Although complete periodontal regeneration is unpredictable with any regenerative therapy currently used, the use of spesific biomaterials/biologicals show strong potential in improving clinical results in periodontal defects. Part of the problem is that it is still unclear how periodontal disease effects the supporting bone's regenerative potential and what specific biologic factors are involved. In recent years, however, clinicians have begun to learn much more about how periodontal regeneration works on a cellular and molecular level. This is a key step to developing strategies and materials that allow clinicians to promote periodontal regeneration predictably.

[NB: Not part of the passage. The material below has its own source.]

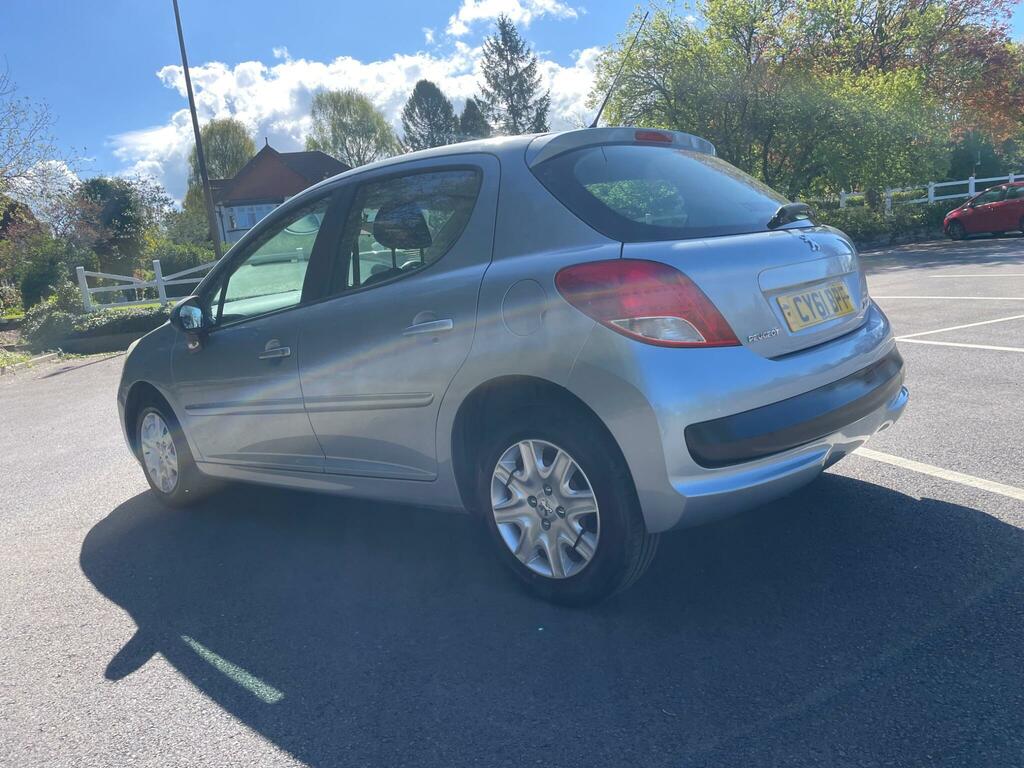 Peugeot 207 1.4 Active Euro 5 Blue #4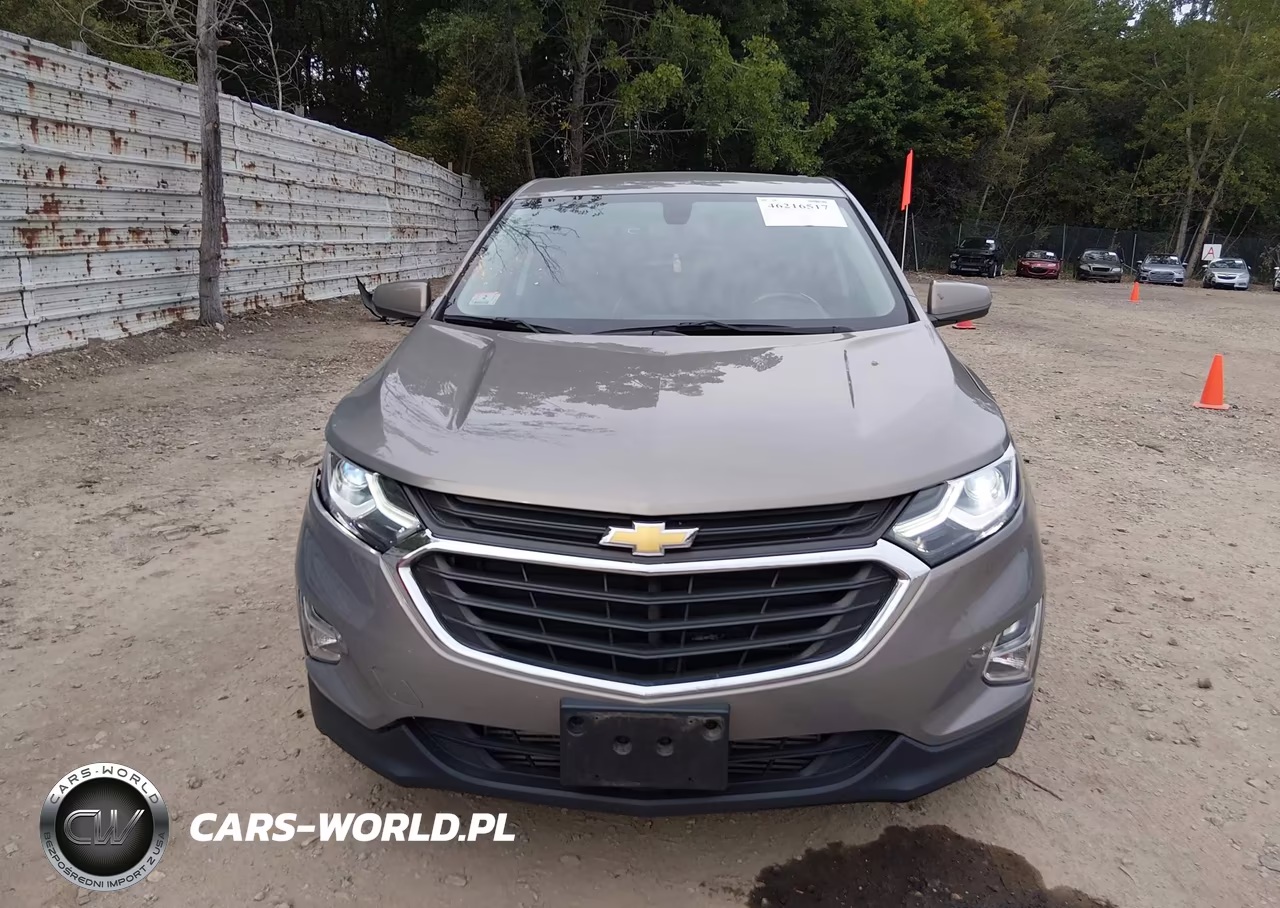 2019 Chevrolet Equinox Lt VIN:3GNAXUEV5KS523593 - 12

As more is learned about the biologic process of periodontal wound healing and regeneration, new materials and techniques, are expected to make the task of periodontal regeneration even more predictable. It is likely that some combination of techniques may eventually prove to yield the best results. Overall, reconstruction of lost periodontal tissues with these new approaches results with functionally and esthetically acceptable teeth not only for the dentist but also for the patient.